The bedding (i.e. pillows and comforters) didn’t seem as comfortable as on other ships. The pillows seemed too large, so you could get a crick in your neck with two, but one alone was too flat.
Elevator break-downs are common, and the elevator capacity is much smaller than on other ships.
The lack of a central stairway is highly annoying. One exists, but it’s for crew only. You have to take the elevators mid-ship or else walk aft or forward to reach the stairways.
Our room safe failed during our stay, and we had to call maintenance to change the four AA batteries that power the thing. It was an inconvenience, but service was prompt.
You’ll miss the outdoor promenade deck that goes all the way around a ship under cover on deck 4 or 5. This ship has a few seating areas on this level but they end. If you want to walk all the way around, you have to go at the pool deck or higher and be in the sun.
I would prefer a glass shower door to an unsanitary curtain.
The four rows of rear seats in the Princess Theatre need to be tiered. Seats are crammed into the theatre with central aisles only and no drink holders.
Our dining room service was very slow, but that may be the fault of our assistant waiter who did nothing except carry the meal orders from the dining room. Our waiter refilled the water glasses at our request, and he never once asked if we wanted more rolls or went out of his way to do anything special.
Cabins are very small with no sofas like in the balcony staterooms on RCCL. The standard balconies are even smaller. They barely fit two chairs and a cheap table.
Ports of Call included a barbecue beach lunch at Princess Cays in the Bahamas, St. Thomas and St. Maarten. I’ve written about these before in previous posts and didn’t do anything new this time except walk around, shop, and lunch in town. Look under Cruising in my blog Archives if you want to catch up on prior voyages. We had lunch in the Greenhouse restaurant at both locations. The one at St. Maarten had free WiFi if you sat inside, which still has an open air view of the water.
On our last day at sea, we went out on deck in the morning after a rainstorm to see a brilliant rainbow stretching all the way across the sky. How fantastic is this, folks?
Here we took RCCL’s Best of St. Thomas tour to see the St. Peter Greathouse which opened to the public fairly recently. Owned by a governor initially, the house passed into various hands before being turned into a tourist attraction and catering hall.
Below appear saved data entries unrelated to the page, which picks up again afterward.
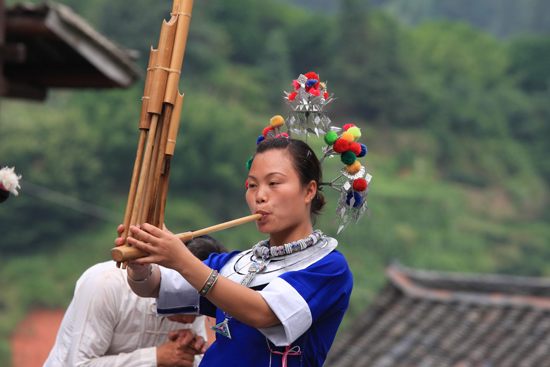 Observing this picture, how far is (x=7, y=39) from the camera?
4.15 meters

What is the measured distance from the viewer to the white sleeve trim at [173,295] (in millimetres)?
2383

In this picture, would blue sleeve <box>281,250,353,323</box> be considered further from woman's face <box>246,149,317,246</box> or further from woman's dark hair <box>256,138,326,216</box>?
woman's dark hair <box>256,138,326,216</box>

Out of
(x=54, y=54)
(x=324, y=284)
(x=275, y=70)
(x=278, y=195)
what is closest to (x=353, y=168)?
(x=278, y=195)

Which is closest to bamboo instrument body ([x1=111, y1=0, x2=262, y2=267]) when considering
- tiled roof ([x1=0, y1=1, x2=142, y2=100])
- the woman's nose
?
the woman's nose

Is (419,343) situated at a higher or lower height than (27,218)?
lower

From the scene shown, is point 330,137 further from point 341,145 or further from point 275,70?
point 275,70

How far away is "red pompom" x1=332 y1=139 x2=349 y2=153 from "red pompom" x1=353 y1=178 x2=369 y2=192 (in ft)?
0.36

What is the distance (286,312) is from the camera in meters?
2.07

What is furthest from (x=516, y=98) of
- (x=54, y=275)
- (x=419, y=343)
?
(x=419, y=343)

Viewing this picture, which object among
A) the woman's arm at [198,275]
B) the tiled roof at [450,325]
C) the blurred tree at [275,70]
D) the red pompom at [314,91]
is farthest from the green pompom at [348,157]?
the blurred tree at [275,70]

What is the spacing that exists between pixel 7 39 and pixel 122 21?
38626 mm

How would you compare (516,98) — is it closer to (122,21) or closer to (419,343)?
(122,21)

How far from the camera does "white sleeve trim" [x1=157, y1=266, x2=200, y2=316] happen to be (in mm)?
2383

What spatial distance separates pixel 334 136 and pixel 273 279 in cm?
54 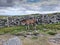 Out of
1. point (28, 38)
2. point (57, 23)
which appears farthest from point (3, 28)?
point (57, 23)

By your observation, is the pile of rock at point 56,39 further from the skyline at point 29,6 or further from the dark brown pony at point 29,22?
the skyline at point 29,6

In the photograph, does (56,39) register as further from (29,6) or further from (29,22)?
(29,6)

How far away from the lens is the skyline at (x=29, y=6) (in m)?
1.80

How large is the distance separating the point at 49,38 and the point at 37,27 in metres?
0.18

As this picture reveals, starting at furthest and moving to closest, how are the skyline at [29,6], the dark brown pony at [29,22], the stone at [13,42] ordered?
1. the skyline at [29,6]
2. the dark brown pony at [29,22]
3. the stone at [13,42]

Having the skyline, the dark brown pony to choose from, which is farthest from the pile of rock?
the skyline

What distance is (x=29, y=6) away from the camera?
1835 millimetres

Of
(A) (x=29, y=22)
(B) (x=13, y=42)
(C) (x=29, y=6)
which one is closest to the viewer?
(B) (x=13, y=42)

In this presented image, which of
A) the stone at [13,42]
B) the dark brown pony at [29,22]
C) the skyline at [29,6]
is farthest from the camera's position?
the skyline at [29,6]

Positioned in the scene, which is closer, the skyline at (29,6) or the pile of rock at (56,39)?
the pile of rock at (56,39)

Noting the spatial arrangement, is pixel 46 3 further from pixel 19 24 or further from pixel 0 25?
pixel 0 25

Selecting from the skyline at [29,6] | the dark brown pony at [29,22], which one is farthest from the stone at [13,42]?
the skyline at [29,6]

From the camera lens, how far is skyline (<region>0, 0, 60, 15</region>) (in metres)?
1.80

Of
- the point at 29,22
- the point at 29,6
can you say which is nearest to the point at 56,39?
the point at 29,22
Our open air bus made two stops along the way at scenic overlooks, but the view from this impressive estate surpassed them.
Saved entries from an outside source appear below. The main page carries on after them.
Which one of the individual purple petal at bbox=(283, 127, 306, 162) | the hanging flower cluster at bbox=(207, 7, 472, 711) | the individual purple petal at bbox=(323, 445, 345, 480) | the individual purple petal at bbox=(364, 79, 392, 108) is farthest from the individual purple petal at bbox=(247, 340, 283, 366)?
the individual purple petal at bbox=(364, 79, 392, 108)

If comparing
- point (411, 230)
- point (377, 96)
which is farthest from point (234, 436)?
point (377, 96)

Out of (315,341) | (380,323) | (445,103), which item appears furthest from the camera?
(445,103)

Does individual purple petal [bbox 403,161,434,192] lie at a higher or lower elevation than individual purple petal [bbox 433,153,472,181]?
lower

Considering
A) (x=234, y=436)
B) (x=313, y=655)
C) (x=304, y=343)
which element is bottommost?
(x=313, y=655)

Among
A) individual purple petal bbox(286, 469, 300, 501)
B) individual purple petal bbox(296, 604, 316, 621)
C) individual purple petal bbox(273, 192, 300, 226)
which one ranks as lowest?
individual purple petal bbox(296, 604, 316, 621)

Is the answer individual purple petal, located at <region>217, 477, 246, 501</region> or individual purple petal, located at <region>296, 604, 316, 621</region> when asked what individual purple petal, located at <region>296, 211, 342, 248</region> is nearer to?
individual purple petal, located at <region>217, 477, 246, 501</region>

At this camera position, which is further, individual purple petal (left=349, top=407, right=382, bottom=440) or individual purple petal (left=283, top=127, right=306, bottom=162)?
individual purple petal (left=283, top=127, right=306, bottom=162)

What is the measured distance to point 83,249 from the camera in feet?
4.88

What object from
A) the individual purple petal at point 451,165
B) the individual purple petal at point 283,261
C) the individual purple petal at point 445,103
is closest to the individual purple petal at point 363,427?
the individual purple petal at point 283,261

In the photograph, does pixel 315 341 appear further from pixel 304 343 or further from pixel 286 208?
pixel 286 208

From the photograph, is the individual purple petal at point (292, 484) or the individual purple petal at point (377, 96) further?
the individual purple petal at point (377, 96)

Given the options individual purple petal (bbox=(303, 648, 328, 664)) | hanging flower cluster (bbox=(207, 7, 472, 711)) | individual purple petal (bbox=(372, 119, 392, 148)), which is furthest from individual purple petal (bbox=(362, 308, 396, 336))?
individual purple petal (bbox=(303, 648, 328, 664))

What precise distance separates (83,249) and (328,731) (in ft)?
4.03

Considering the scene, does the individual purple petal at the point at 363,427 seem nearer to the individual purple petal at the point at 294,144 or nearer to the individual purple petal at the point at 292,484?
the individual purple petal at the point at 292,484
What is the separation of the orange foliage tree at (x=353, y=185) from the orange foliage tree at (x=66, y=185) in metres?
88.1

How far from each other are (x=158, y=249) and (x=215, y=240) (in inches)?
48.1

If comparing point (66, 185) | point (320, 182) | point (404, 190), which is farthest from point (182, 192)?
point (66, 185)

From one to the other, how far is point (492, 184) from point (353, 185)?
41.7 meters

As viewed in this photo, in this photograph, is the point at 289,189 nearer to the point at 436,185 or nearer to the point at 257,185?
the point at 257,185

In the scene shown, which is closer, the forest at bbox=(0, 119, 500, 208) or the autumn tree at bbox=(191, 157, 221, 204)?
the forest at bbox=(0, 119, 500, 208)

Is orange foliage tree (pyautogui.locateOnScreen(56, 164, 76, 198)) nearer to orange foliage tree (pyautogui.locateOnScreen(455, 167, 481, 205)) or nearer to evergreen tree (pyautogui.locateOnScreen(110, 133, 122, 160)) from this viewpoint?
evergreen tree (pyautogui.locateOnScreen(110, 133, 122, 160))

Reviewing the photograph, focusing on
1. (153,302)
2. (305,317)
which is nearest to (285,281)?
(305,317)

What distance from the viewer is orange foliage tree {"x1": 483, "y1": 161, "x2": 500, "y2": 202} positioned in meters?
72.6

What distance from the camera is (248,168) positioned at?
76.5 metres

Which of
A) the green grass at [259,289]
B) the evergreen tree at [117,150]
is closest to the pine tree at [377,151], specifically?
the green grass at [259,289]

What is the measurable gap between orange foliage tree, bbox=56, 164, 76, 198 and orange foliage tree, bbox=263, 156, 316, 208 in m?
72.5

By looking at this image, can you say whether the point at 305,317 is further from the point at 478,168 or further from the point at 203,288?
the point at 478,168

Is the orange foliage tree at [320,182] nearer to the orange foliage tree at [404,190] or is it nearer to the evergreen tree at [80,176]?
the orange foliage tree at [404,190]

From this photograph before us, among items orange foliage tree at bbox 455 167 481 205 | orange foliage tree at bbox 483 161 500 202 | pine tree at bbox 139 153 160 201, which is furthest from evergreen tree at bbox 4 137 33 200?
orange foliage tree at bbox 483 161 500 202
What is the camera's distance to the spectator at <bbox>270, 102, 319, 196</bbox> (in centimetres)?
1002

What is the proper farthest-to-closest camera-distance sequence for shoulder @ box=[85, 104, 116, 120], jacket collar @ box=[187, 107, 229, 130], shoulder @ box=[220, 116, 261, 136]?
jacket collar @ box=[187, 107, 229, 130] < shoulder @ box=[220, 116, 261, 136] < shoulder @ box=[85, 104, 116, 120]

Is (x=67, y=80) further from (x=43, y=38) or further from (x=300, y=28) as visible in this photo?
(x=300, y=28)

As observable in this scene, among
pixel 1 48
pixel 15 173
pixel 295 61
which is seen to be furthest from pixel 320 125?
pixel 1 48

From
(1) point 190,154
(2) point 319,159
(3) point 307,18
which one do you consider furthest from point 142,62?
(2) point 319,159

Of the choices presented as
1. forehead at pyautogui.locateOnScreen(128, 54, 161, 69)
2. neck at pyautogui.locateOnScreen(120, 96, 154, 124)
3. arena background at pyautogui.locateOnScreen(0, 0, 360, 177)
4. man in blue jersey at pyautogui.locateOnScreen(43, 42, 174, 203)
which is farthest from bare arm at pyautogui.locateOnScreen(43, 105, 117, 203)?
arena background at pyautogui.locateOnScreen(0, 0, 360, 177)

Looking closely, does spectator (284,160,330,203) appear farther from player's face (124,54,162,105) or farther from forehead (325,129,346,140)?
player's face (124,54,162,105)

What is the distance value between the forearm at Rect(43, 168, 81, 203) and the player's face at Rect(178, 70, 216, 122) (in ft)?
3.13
The house itself exudes tropical ambiance with its expansive windows and comfortable furnishings.
Along with a gift shop and snack bar, there’s a planked nature walk that I enjoyed the most. Surrounded by lush tropical foliage, you descend a boardwalk into the jungle via a series of steps and then climb back up. It’s not too strenuous, and the fruity rum punch we had beforehand fortified us. This is a worthwhile tour if you want to get a taste of St. Thomas’s lush beauty. It took about 3 hours, so if you book an early morning excursion, you’ll still have plenty of time for shopping in town.
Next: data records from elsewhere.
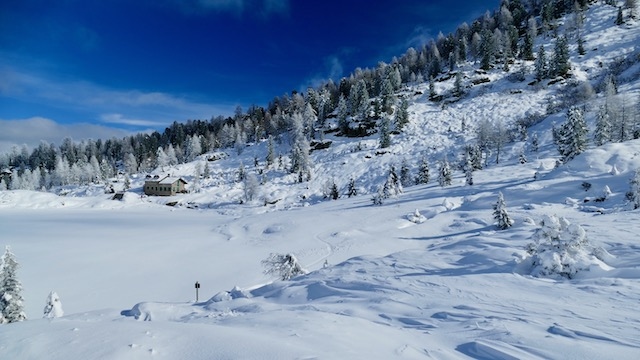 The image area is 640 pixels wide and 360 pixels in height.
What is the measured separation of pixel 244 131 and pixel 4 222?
75.9 meters

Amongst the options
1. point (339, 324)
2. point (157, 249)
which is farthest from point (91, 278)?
point (339, 324)

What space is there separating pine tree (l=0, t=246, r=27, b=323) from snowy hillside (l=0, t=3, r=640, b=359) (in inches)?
49.5

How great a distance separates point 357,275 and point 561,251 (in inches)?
262

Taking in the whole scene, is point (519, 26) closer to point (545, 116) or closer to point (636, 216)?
point (545, 116)

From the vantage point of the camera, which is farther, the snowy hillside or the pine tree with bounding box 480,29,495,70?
the pine tree with bounding box 480,29,495,70

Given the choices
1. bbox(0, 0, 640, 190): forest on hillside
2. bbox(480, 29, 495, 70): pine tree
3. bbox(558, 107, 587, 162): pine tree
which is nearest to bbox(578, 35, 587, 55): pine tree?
bbox(0, 0, 640, 190): forest on hillside

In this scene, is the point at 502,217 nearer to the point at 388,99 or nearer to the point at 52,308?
the point at 52,308

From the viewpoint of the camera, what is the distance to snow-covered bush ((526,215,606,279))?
993cm

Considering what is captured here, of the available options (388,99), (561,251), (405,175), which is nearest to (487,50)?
(388,99)

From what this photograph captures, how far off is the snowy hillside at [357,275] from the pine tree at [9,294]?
4.13 feet

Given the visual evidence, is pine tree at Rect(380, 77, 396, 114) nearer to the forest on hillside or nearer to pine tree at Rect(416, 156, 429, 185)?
the forest on hillside

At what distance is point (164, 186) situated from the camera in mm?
83562

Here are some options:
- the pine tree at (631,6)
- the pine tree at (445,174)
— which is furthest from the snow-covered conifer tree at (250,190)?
the pine tree at (631,6)

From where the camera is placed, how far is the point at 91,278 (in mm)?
23219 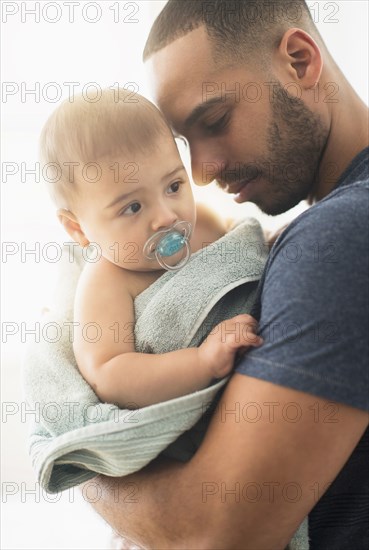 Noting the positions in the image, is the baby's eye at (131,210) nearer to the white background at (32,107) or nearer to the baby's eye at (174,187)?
the baby's eye at (174,187)

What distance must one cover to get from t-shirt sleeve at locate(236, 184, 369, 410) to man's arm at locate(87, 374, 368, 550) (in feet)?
0.09

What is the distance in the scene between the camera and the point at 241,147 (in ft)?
4.08

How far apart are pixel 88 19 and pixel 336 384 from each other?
1.64 meters

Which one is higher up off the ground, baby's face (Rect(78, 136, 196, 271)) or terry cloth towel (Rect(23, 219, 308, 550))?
baby's face (Rect(78, 136, 196, 271))

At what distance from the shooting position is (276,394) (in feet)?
2.57

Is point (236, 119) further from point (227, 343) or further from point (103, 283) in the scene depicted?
point (227, 343)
Back at Charlotte Amalie, the port town, we had lunch at the Green House. I recommend this restaurant or Café Amici in an alley near A.H. Riise. Once fed, we trekked uphill about 3 blocks to visit the old Jewish synagogue. It’s a sturdy building that has been here since the 1700’s. Sand covers the floor, and there’s a small gift shop off to the side.
Back downhill, we stormed the shops along Main Street. My favorite stores are Imperial Jewelers, Cardow’s, Ballerina Jewelers, and Royal Caribbean (not related to cruise line). A.H. Riise still has the best liquor selection, cosmetics, perfumes, rum balls, hook bracelets, and more. If you dock near Havensight Mall, you have a chance for more last minute shopping before the ship sails.